Pour éviter que les individus, membres d'une société, ne recourent à la vengeance privée, le constituant a institué des organes destinés à assurer de manière efficace la répression de toutes les infractions commises sur le territoire national. La voie de la justice privée ou de la justice informelle est très dangereuse pour le développement et la sécurité d'une nation. L'une et l'autre voies sont susceptibles d'entraîner de fâcheux dérapages notamment les arbitraires, les violations massives des droits de l'homme et des principes universels de droit pénal, la justice expéditive et sommaire, la justice populaire, l'application des peines barbares, sans oublier la délation, le règlement des comptes, les flagellations, les supplices du collier ou les mises à mort par le feu, les lapidations, en passant par une variété horrifiante de barbarismes pseudo justiciers. D'où la naissance des mouvements d'auto défense populaire, des rébellions, des insurrections et émeutes, etc.

Les règles de procédure pénale viennent à coup sûr faire éviter ces dérapages horribles et fâcheux car elles humanisent l'être humain, si criminel soit-il.

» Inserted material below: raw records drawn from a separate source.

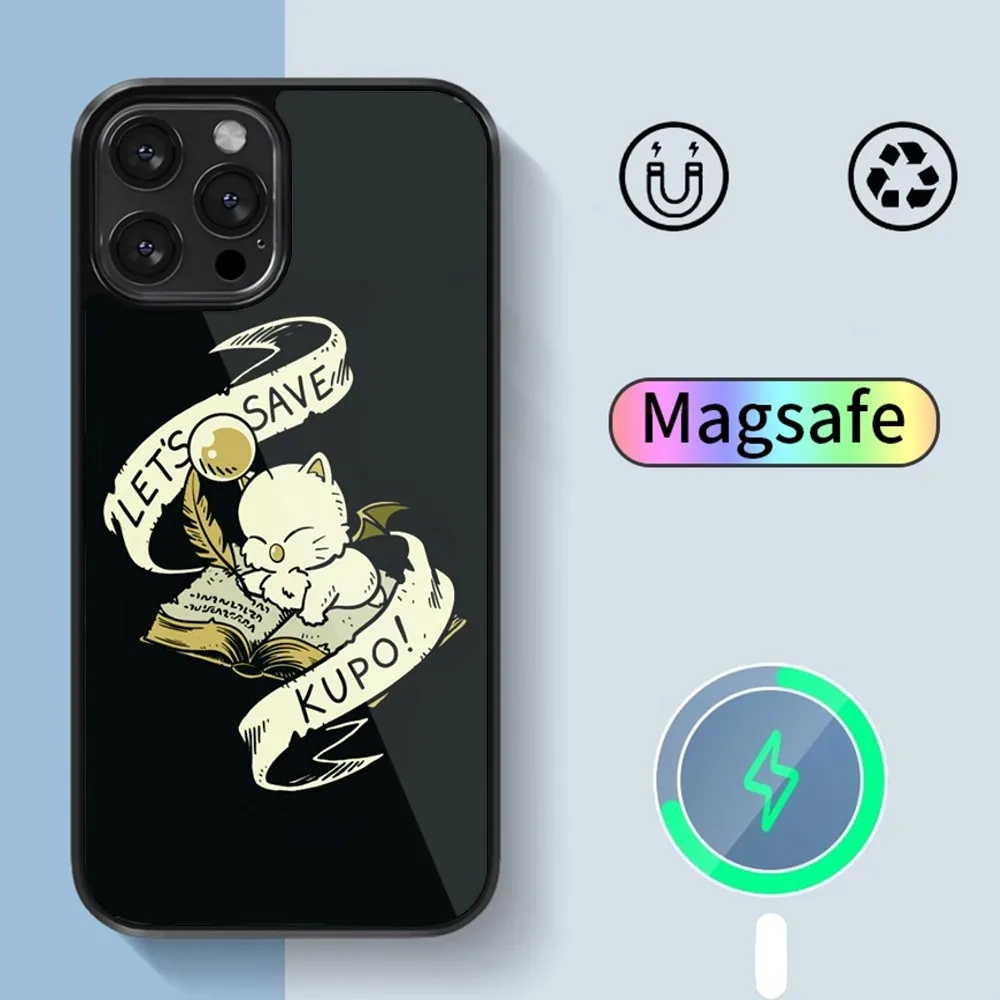 Moogle F-Final F-Fantasy Phone Case For iPhone 14 13 12 11 15 Pro Max Plus Magsafe Magnetic Cover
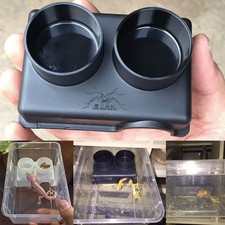 Three-in-one Reptile Avoiding Feeding Water Food Bowl Box Feeder Bowl for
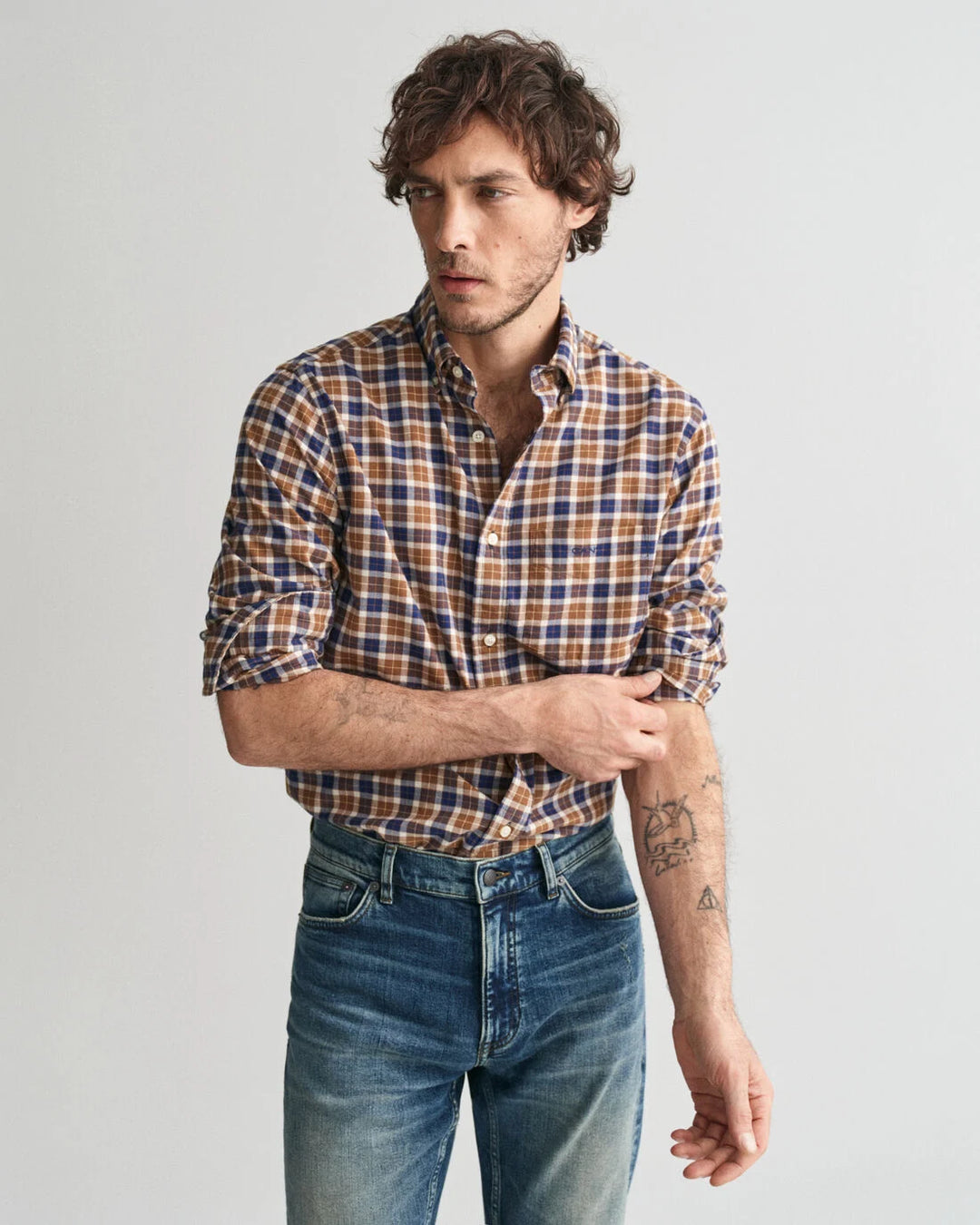 GANT Reg Light Twill Check Shirt/Košulja 3240194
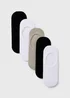 5 Pack Multi No Show Trainer Liner Socks - Sizes 3-5 .5 Image 1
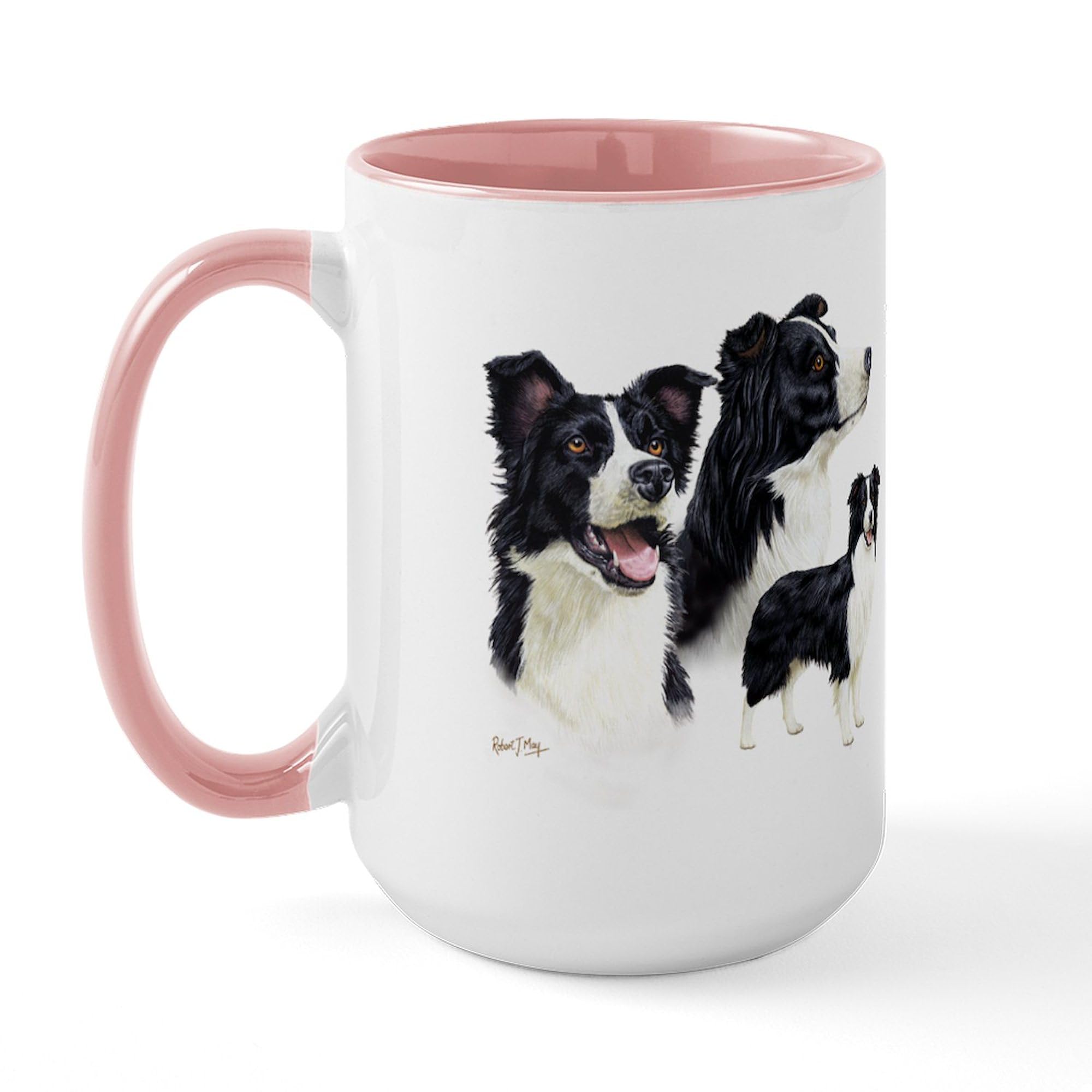 CafePress Border Collie Large Mug 15 oz (444 ml) Ceramic Coffee Mug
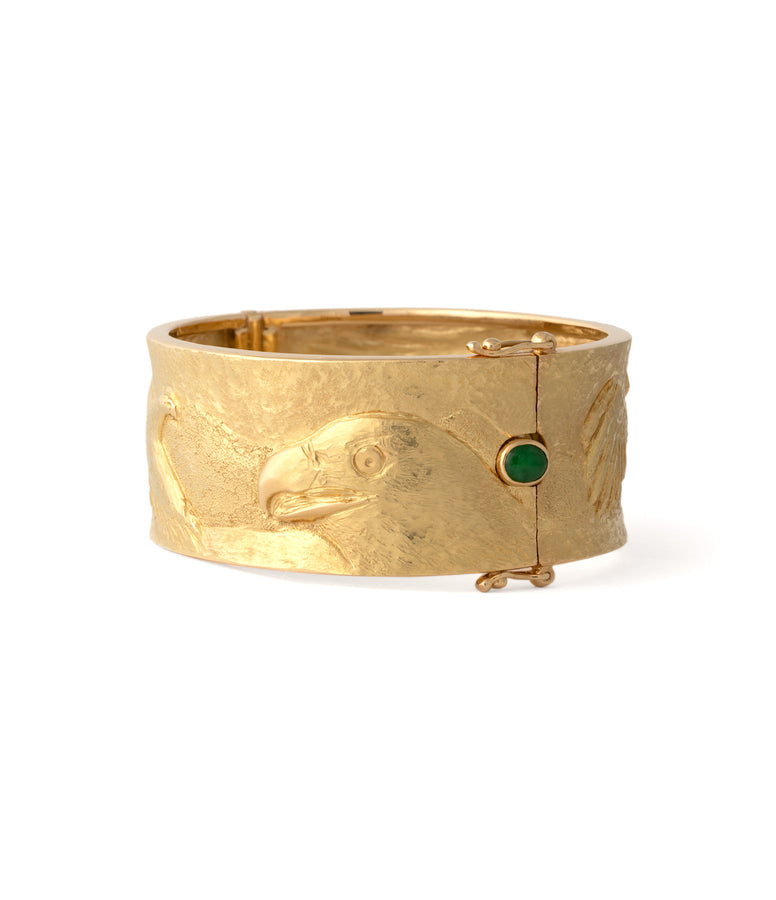 EAGLE REPOUSSE BANGLE: UNIQUE PIECE N°77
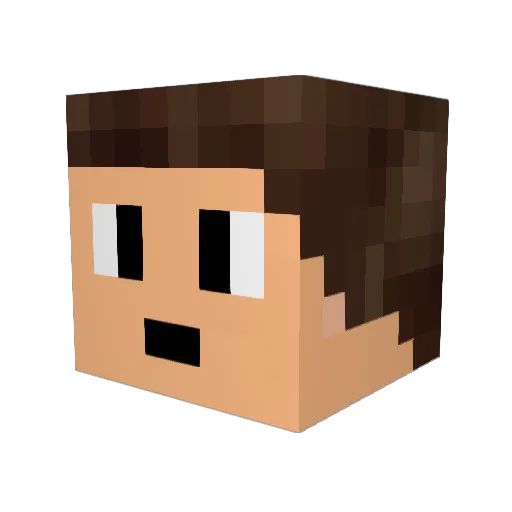 XxMirtarxX Minecraft avatar head, 3D render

Pour paraphraser Bayona Bameya,41(*) au niveau des relations entre l'individu et la société, la procédure pénale apparaît comme le thermomètre de la température démocratique d'un Etat car c'est l'expression vivante des libertés publiques reconnues par l'Etat aux individus.

C'est la raison pour laquelle le législateur organise la procédure pénale tant de droit commun que du droit pénal militaire. Ceci étant, le rôle du MP, organe de la loi, ici représenté par l'auditorat militaire, étant terminé par son acte de saisine de la juridiction de droit, il convient cependant que le ministère public vérifie si l'infraction pour laquelle il veut saisir le juge n'est pas encore prescrite.

En effet, la prescription de l'action publique peut être justifiée par de diverses considérations comme celles d'oubli, de négligence et de preuve.42(*) L'oubli de l'infraction commise est généralement l'une des raisons invoquées pour justifier la prescription de l'action publique. En effet, l'on évite à la société de faire revivre, par l'action publique, le souvenir de l'infraction déjà effacé par le temps ; cela permettra de sauvegarder la paix et la tranquillité.

La négligence quant à elle pourrait justifier légitimement la prescription de l'action publique. Une société, au sein de laquelle l'infraction a été commise, qui n'exerce pas son droit de punir l'auteur de cette infraction dans le délai déterminé, trouvera ainsi le délai de poursuite forclos et par conséquent se verra privée de toute possibilité d'exercer l'action publique née de cette infraction.43(*)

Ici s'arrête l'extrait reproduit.